= Goal of the exercise =
Copy each entry below unchanged; the images do not go in the copy.

= Records to use =
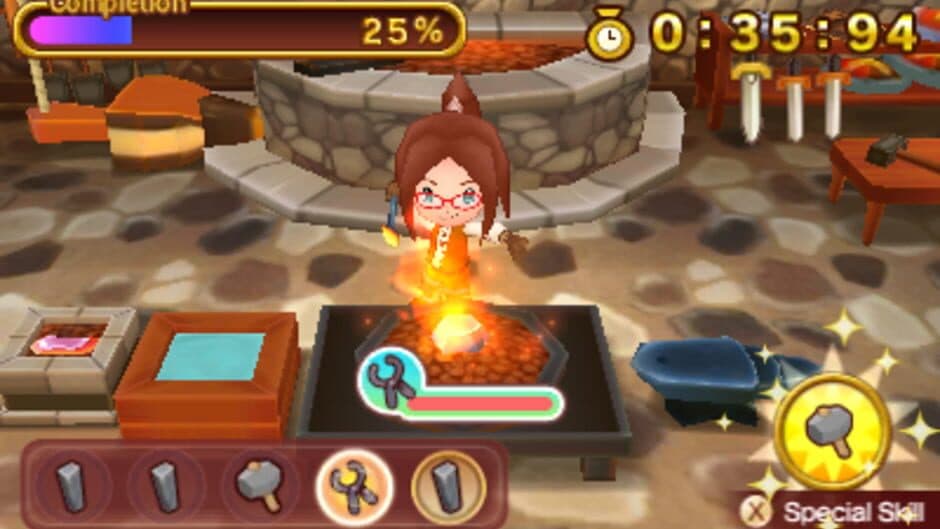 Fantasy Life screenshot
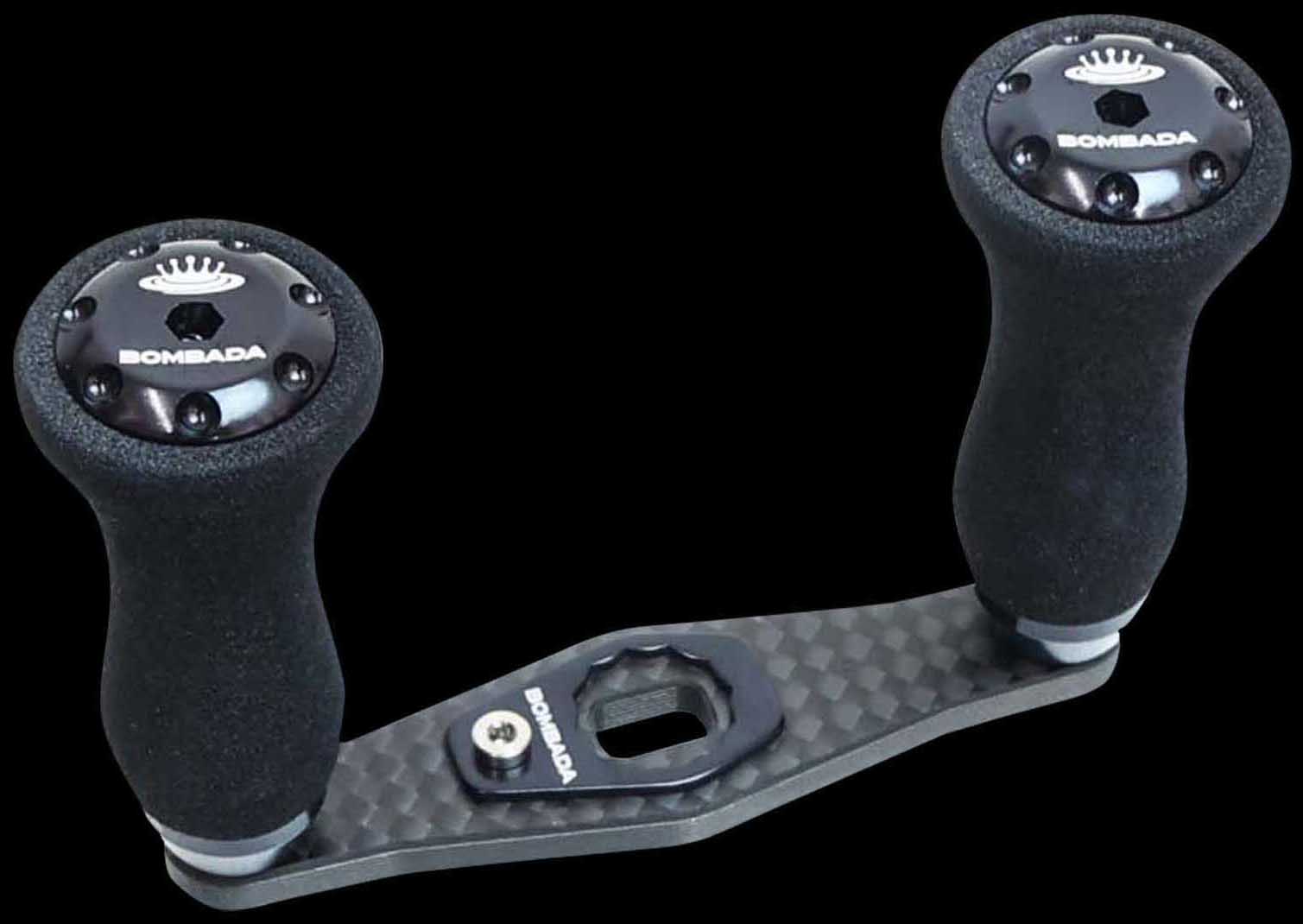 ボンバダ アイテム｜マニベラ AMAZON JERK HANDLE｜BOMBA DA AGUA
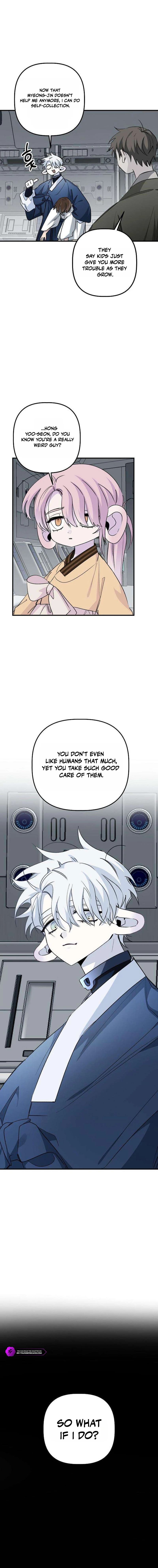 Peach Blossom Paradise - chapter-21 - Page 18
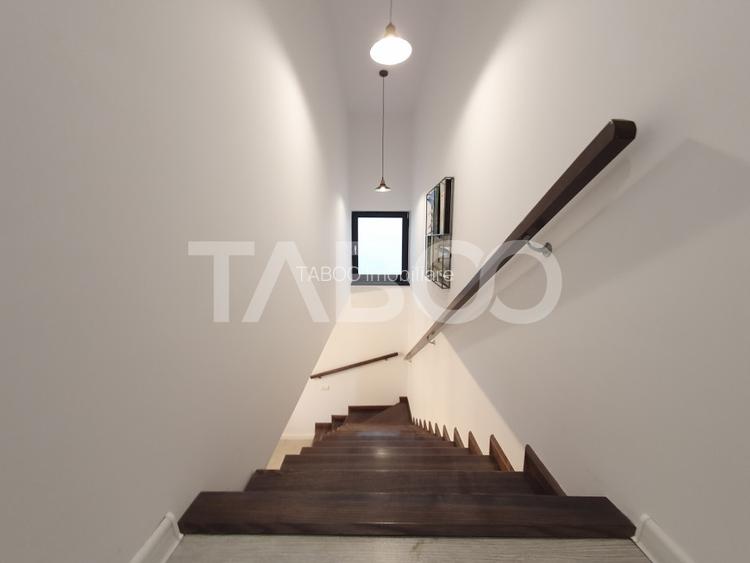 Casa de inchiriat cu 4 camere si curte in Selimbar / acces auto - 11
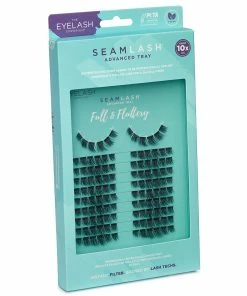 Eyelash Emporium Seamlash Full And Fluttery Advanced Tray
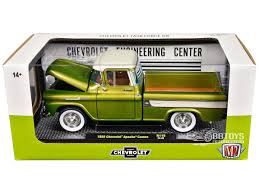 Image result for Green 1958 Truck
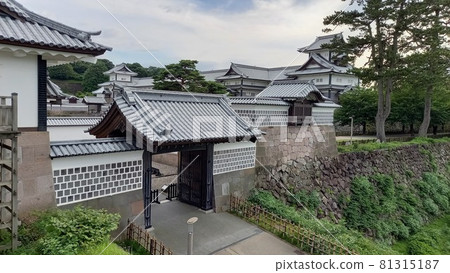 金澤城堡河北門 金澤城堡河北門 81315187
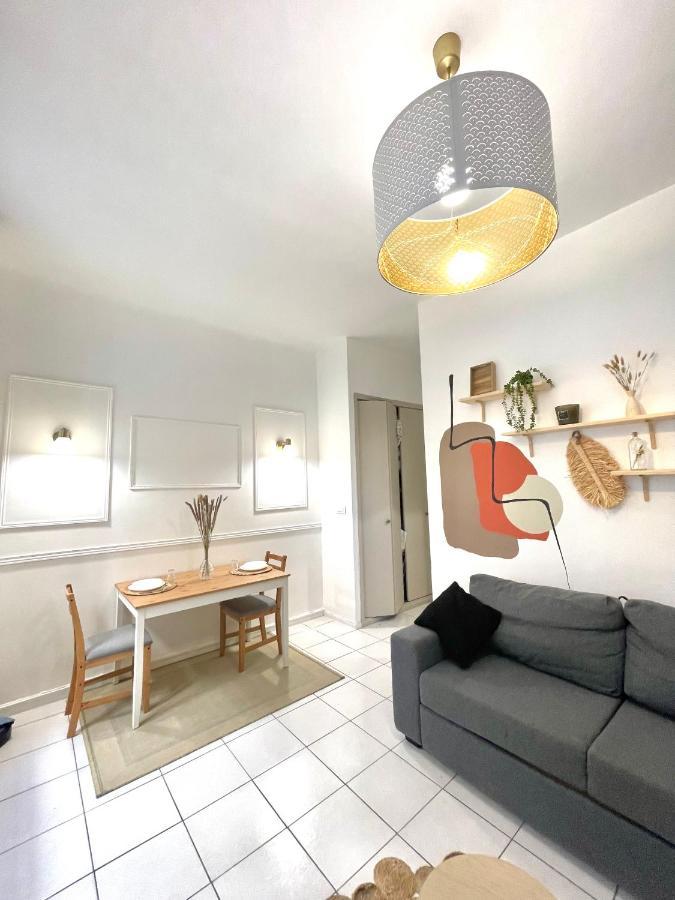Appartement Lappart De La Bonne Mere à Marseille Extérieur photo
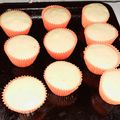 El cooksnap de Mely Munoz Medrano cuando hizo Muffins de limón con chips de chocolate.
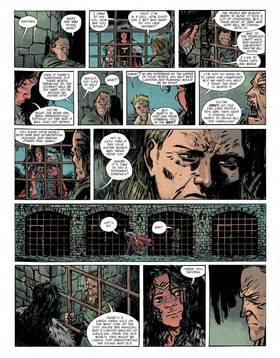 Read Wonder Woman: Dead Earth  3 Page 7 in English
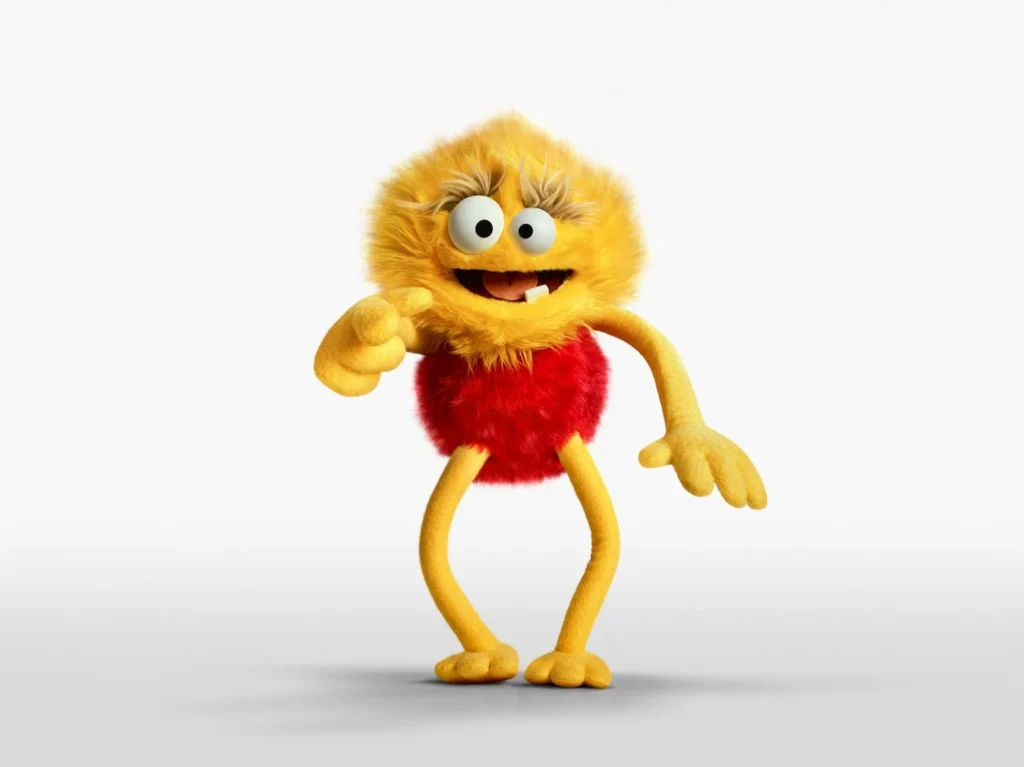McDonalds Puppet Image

= Your response =
 Fantasy Life screenshot
 ボンバダ アイテム｜マニベラ AMAZON JERK HANDLE｜BOMBA DA AGUA
 Peach Blossom Paradise - chapter-21 - Page 18
 Casa de inchiriat cu 4 camere si curte in Selimbar / acces auto - 11
 Eyelash Emporium Seamlash Full And Fluttery Advanced Tray
 Image result for Green 1958 Truck
 金澤城堡河北門 金澤城堡河北門 81315187
Appartement Lappart De La Bonne Mere à Marseille Extérieur photo
 El cooksnap de Mely Munoz Medrano cuando hizo Muffins de limón con chips de chocolate.
 Read Wonder Woman: Dead Earth  3 Page 7 in English
McDonalds Puppet Image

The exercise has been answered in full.